Monday, March 7, 2011

Oatmeal-Raisin-Walnut Cookie/En Garde, Chocolat!

I'm extremely suspicious of people who do not like chocolate. I know, people who claim they looooove chocolate are dime-a-dozen; even confirmed connoisseurs can be easily found. But people who don't like chocolate? It's just not natural.

Even if you didn't, would you go around admitting that fact? You don't publicly admit "I don't like chocolate/children/Nature?", do you. I don't get it.
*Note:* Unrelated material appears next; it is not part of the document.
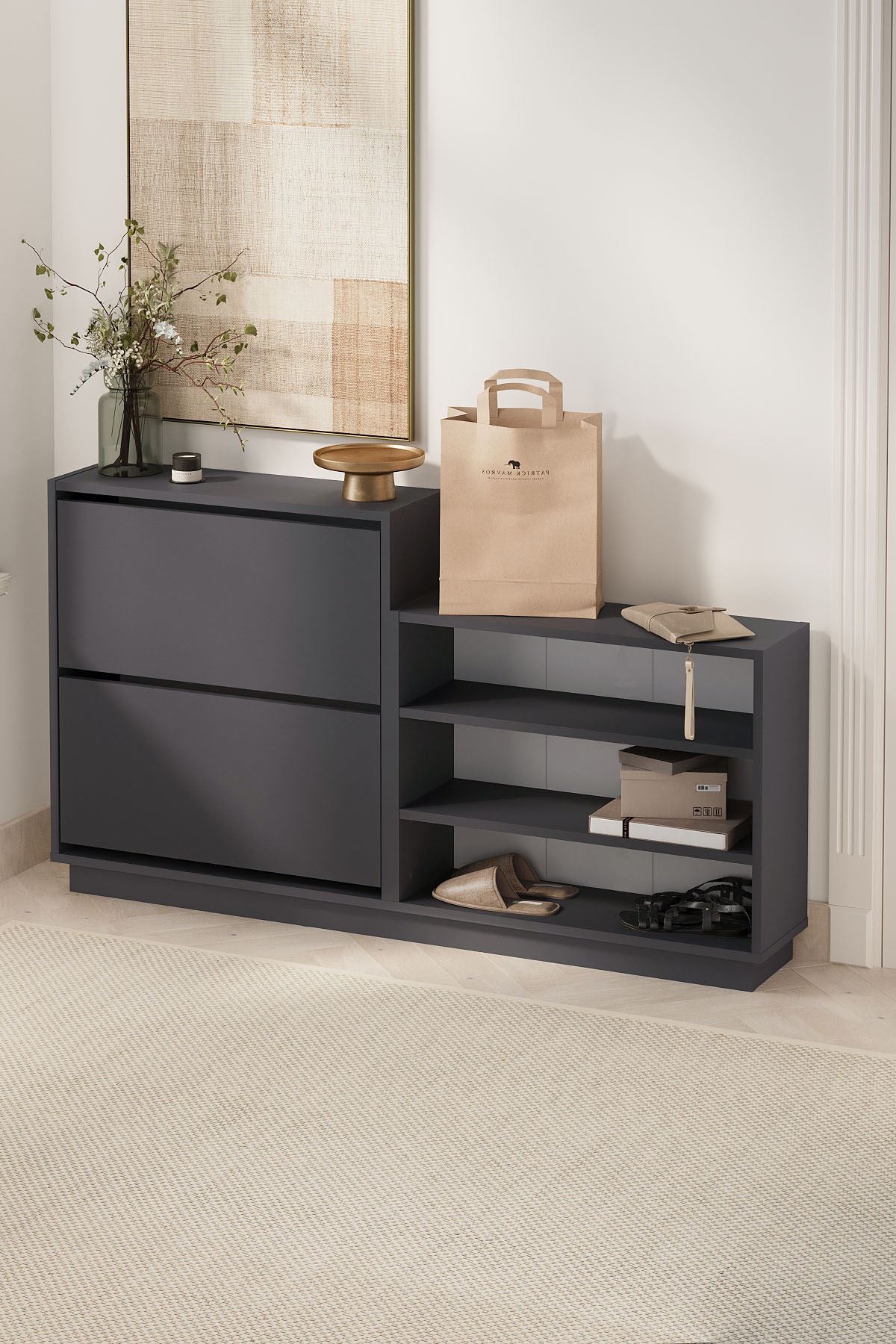 Bofigo Düşer Kapak Ayakkabılık 2 Kapaklı 5 Bölmeli Kayar Raflı Ayakkabılık Serap Antrasit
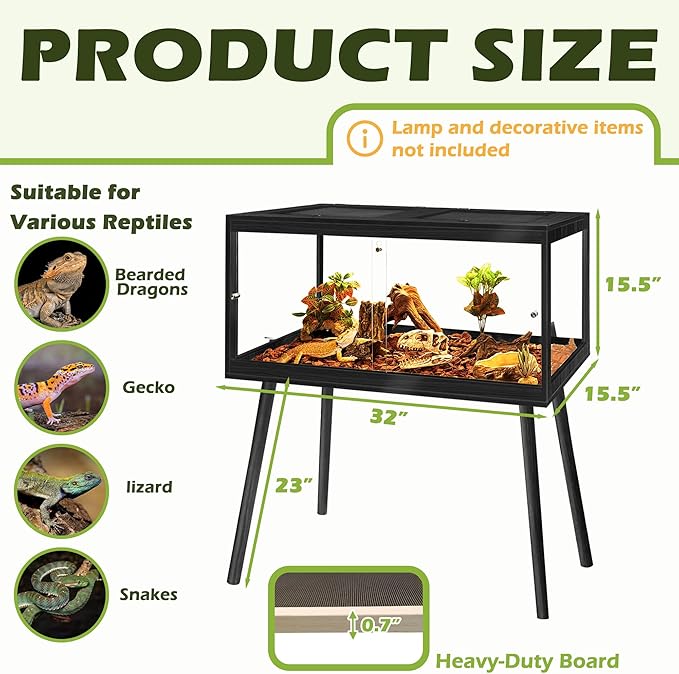 PROLEE Bearded Dragon Tank with Leg, 34 Gallon Tempered Glass Lizard Tank, Reptile Enclosure with Metal Mesh and Lockable Door, Reptile Tank for Snakes,Chameleon (Black, 32x15.5x15.5 Inch)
So when I have to bake for a chocolate non-lover, I make sure I do my homework. I search for that recipe that will help me forget the existence of cacao beans. It's hard, so I make sure I rope in my arsenal of brown sugar, butter and cinnamon.

Oatmeal-raisin cookies! I tend to make giant cookies, so I can have a cookie and wash it down with milk on those hurry-burried mornings where breakfast is not an option. Sometimes, I sneak peanut butter and chocolate chips into the dough. Or go down the spice route, incorporating ginger and orange zest, for a Body Shop Christmas-inspired cookie. Whilst I love chewy, soft cookies, when I give them to people, they think I'm an incompetent baker. True story.

So. I give you, a very basic crispy Oatmeal-raisin cookie, adapted from a popular AllRecipes recipe. Cookies are treacherous things; they flop quite often. This recipe is an easy entry into the wonderful world of cookies.

Oatmeal-Raisin-Walnut cookies.

Ingredients:

3/4 cup butter, at room temperature
3/4 cup granulated white sugar
3/4 cup packed light brown sugar
2 eggs, at room temperature
1 teaspoon vanilla essence
1 1/2 cups all-purpose flour (maida)
1 teaspoon baking soda
1/2 tsp baking powder.
1/2 a cinnamon bark or 3/4 tsp ground cinnamon
1/2 teaspoon salt
2 3/4 cups Quaker Oats
3/4 cup raisins, steeped in hot water for 5 minutes and drained.
1/2 cup walnuts, chopped.

Method:
Preheat the oven to 190 degrees Celsius.


Grind the coarse sugar with bits of cinnamon in your mixie just until it's gritty, NOT fine.

Cream the butter, the white sugar and the brown sugar until smooth.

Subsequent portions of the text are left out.